First step is to identify potential nodes to heal (remove). All the nodes that have only two edges pretty easily are easy to find:
SELECT id, osm_id FROM (SELECT id, route_ways_vertices_pgr.osm_id AS osm_id, count(id) FROM route_ways_vertices_pgr, route_ways WHERE (id=target or id=source) GROUP BY id) AS FOO WHERE count=2;
And you can get all the nodes that have only two hiking trail edges. In my case, I mapped the hiking_trail value into the edge priority:
SELECT id, osm_id FROM (SELECT id, route_ways_vertices_pgr.osm_id AS osm_id, count(id) FROM route_ways_vertices_pgr, route_ways WHERE (priority=1) AND (id=target or id=source) GROUP BY id) AS FOO WHERE count=2;
A candidate for removal is a node that has two and only two edges where both edges are hiking trails. Our first query gets the “two and only two” edges. The second query gets “only two hiking path edges but there might be other non-hiking path edges”. An intersection of those two results gets us pretty close to what we want:
SELECT id, osm_id FROM (SELECT id, route_ways_vertices_pgr.osm_id AS osm_id, count(id) FROM route_ways_vertices_pgr, route_ways WHERE (id=target or id=source) GROUP BY id) AS FOO WHERE count=2 INTERSECT SELECT id, osm_id FROM (SELECT id, route_ways_vertices_pgr.osm_id AS osm_id, count(id) FROM route_ways_vertices_pgr, route_ways WHERE (priority=1) AND (id=target or id=source) GROUP BY id) AS FOO WHERE count=2;
Not all candidate nodes can be removed. Consider the following trail junction.
There are two and only two ways that come together at that junction and they are both hiking trails. So the junction node is included in our candidates to remove. But when you perform a
ST_LineMerge() operation on the edges you end up with a
ST_MultiLineString rather than a
Once everything is checked then the edges associated with the node are merged into one record (update one edge and remove the other) and the node is removed.

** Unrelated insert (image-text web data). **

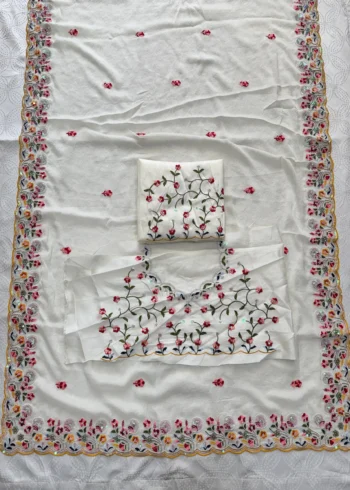 Pure White Crush Silk Party Wear Saree live open image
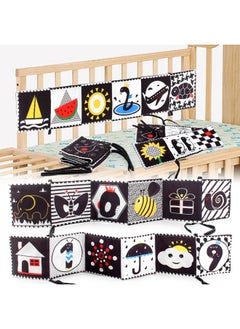 Generic 12-page Double-sided Black White Bed Sheet Book Baby Biteable Tearable Non-tearable Early Education Toy-Color:Number + Animal + Weather Black And White Bed Cloth Book 44g Volume Weight 80g  - Image 2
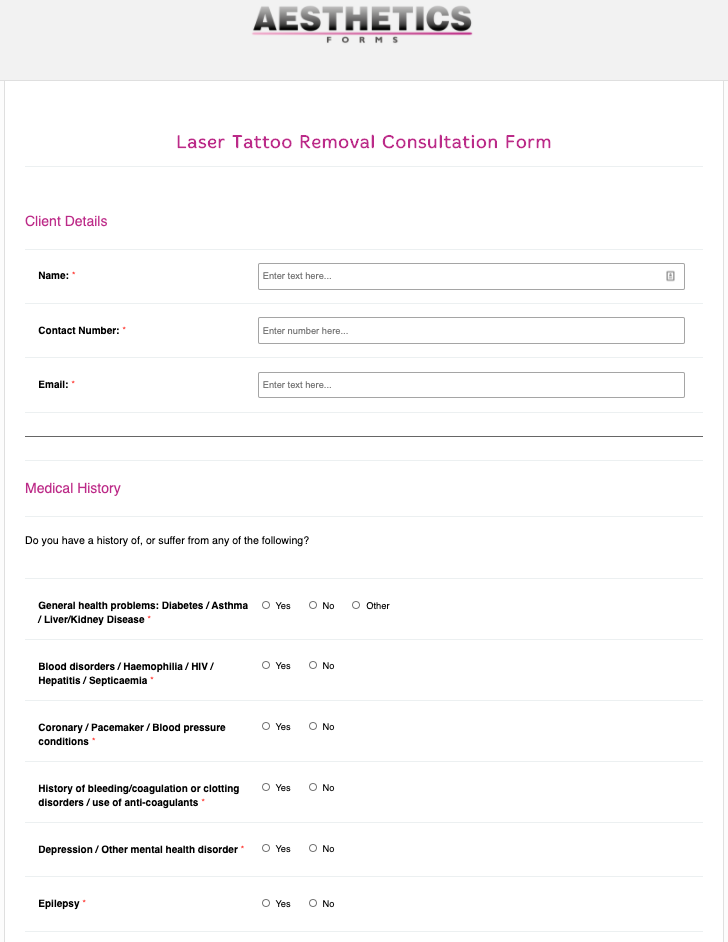 Laser Tattoo Removal Consultation Form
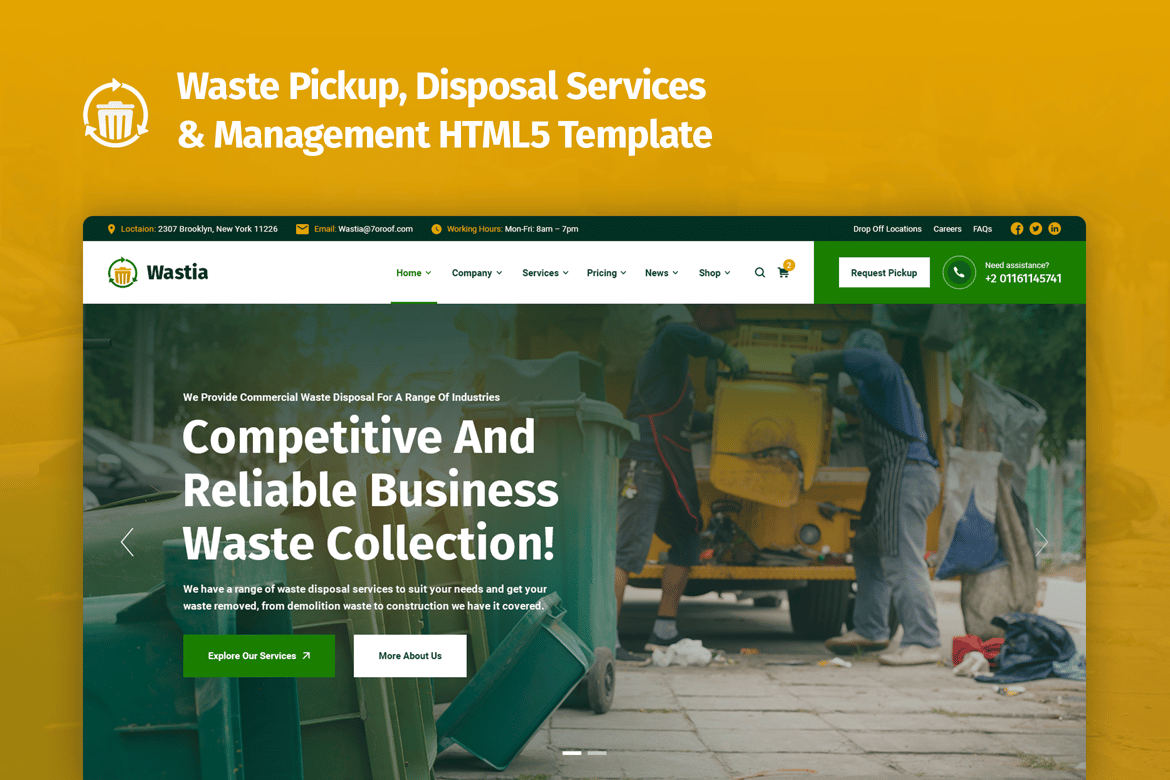 Wastia - Template Website Pengelolaan Sampah yang Menawan dan Profesional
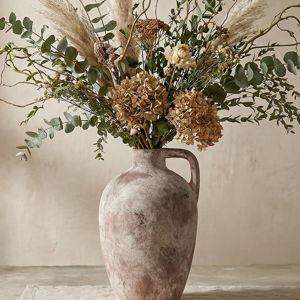 Ceramic Flower Vase with Handles,10" Neutral Tall Clay Terracotta Vases Farmhouse Table Vases with Handle Living Room Decor Rustic Pottery Pots for Home Shelf Coffee Dining Desk Fireplace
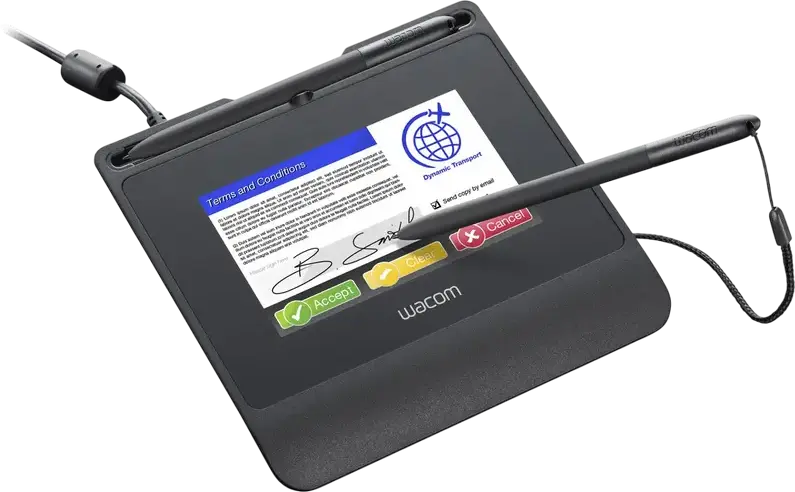 Wacom STU-540 Tabletă de Semnături LCD, Ecran 5 inci, Rezoluție 800x480, 2540 lpi, 1024 Niveluri Presiune, Stylus EMR fără baterie, Negru, Conectivitate USB
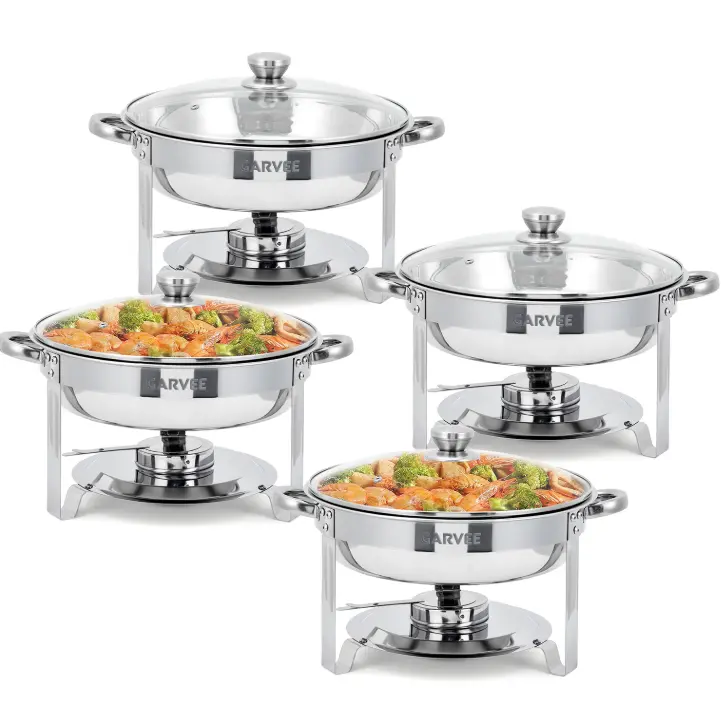GARVEE 4-Pack Sturdy Round Stainless Steel Chafing Dish Buffet Set - Food Warming Buffet Warmers with Glass Lids, Water Pans, Fuel Holders, Handles, Ideal for Weddings, Catering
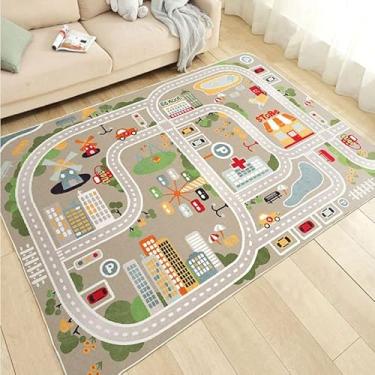 Imagem de Tapete para sala de jogos infantil City Life para carros e trens de brinquedo, tapete de área de jogos com suporte de borracha antiderrapante, tapete de pista de corrida infantil para brincar e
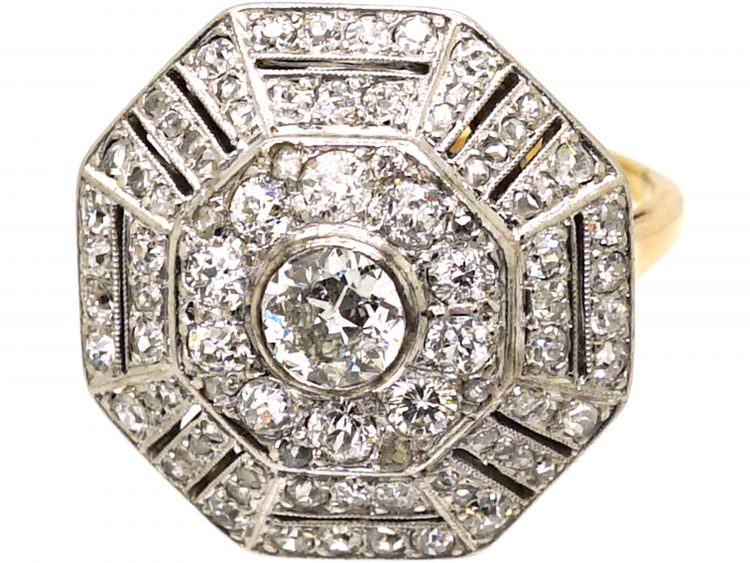 Art Deco 18ct Gold & Platinum Large Octagonal Shaped Ring set with Diamonds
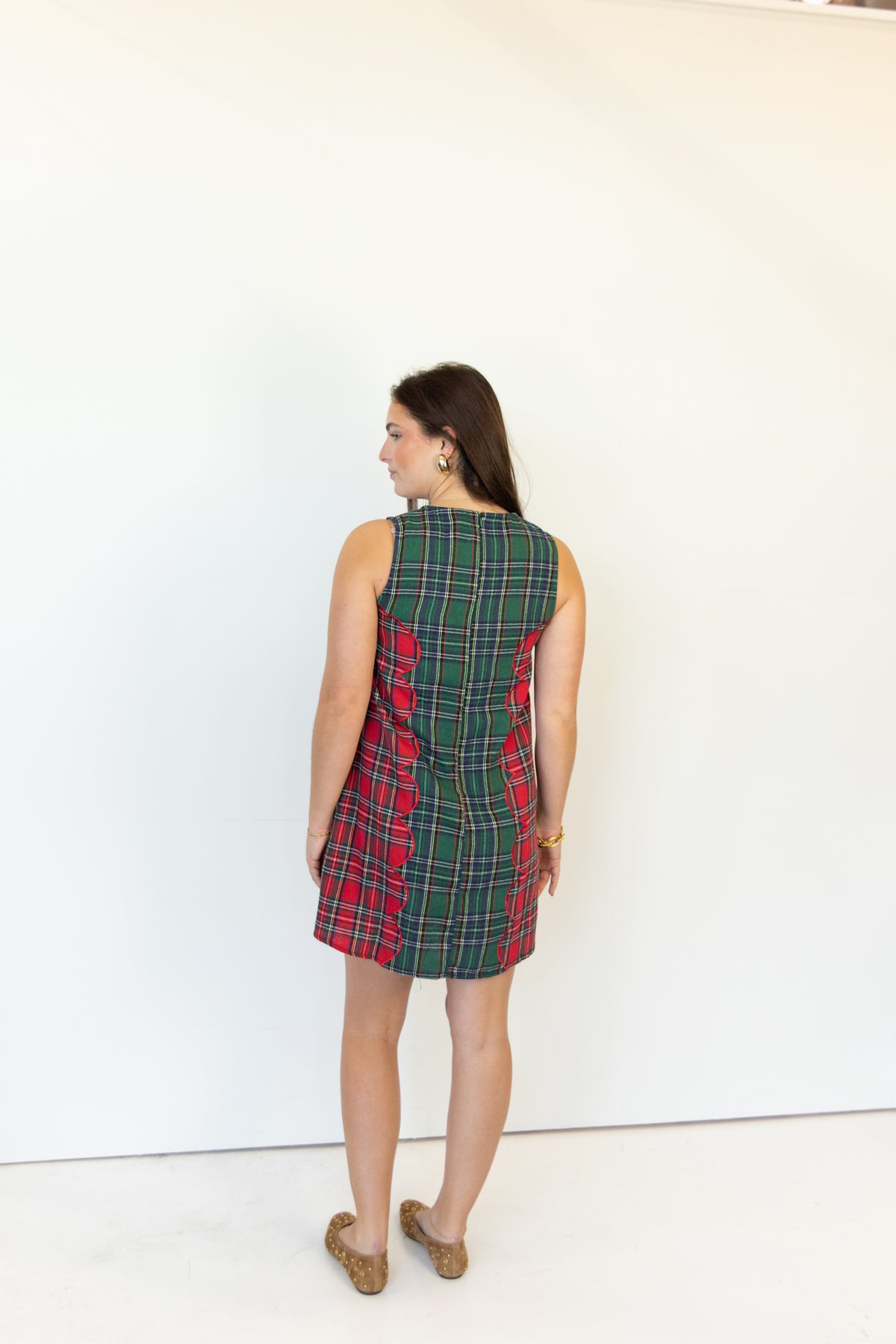 Evergreen Plaid Mini Dress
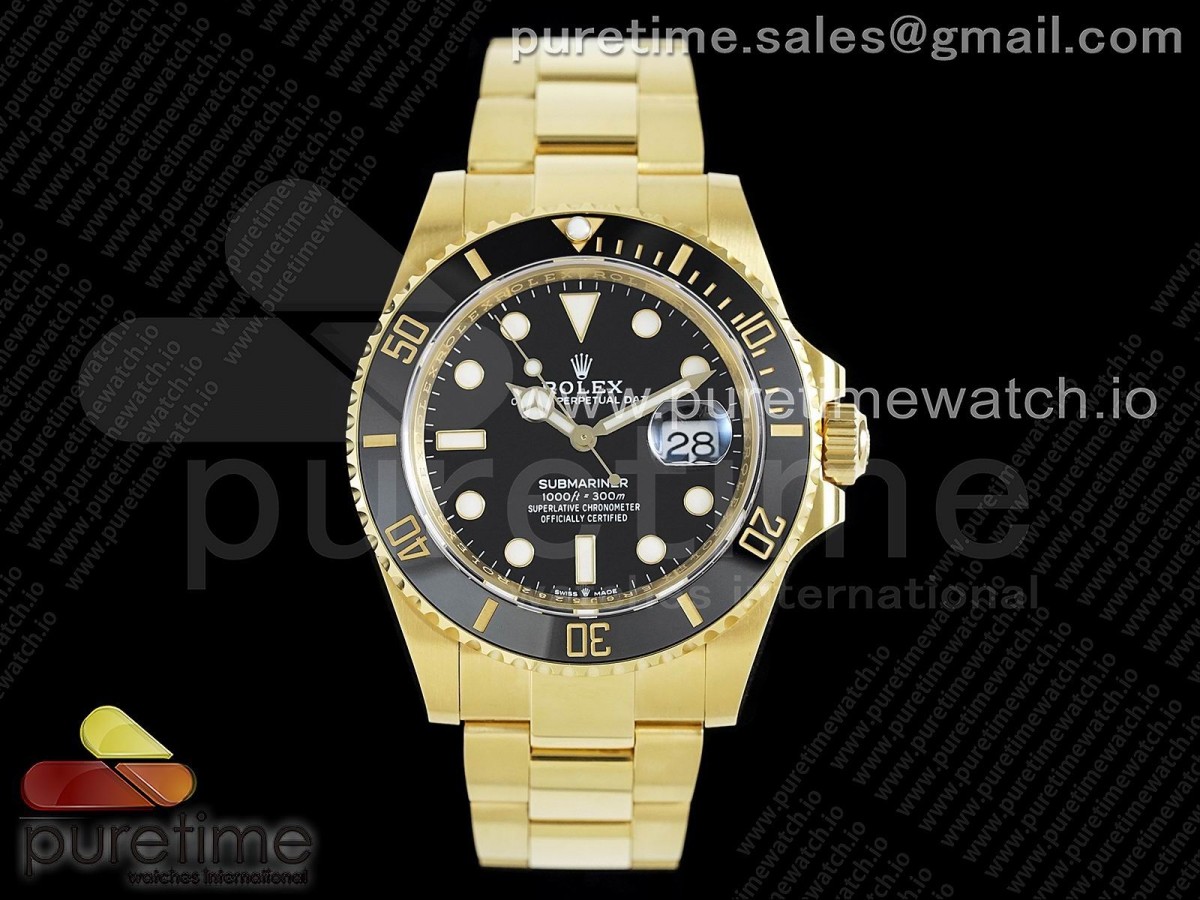 EWF 롤렉스 서브마리너 금통 41미리 블랙다이얼 스틸브레이슬릿 Submariner 41mm 126618 LN YG EWF Black Dial on YG Bracelet A3235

There is a bunch of bookkeeping is updated it the way that is updated (way length in meters, source node ID, destination node ID, etc.).
My Postgresql/Postgis skills are not sufficient to allow me to do all checking and bookkeeping update logic within a stored procedure so all this got implemented in a shell script and is not particularly fast to run.
Between slow healing on large databases and the issues with osm2pgrouting not working well with large data sets, I ended up creating the routing database for only the area of the map I am generating:
osmium extract -b $west,$south,$east,$north osm/roads_only.pbf --overwrite -o osm/extract.osm osm2pgrouting --f osm/extract.osm --prefix route_ --conf osm/pgrouting_mapconfig.xml --username me --dbname osm --clean utils/merge_edges
Our office park measles are gone.
Our trails have been healed.
With different rendering for urban/suburban walkways and rural hiking trails it is easier to see when one unexpectedly shows up in an odd place. That allows me to examine the OSM data for it and update my identification logic.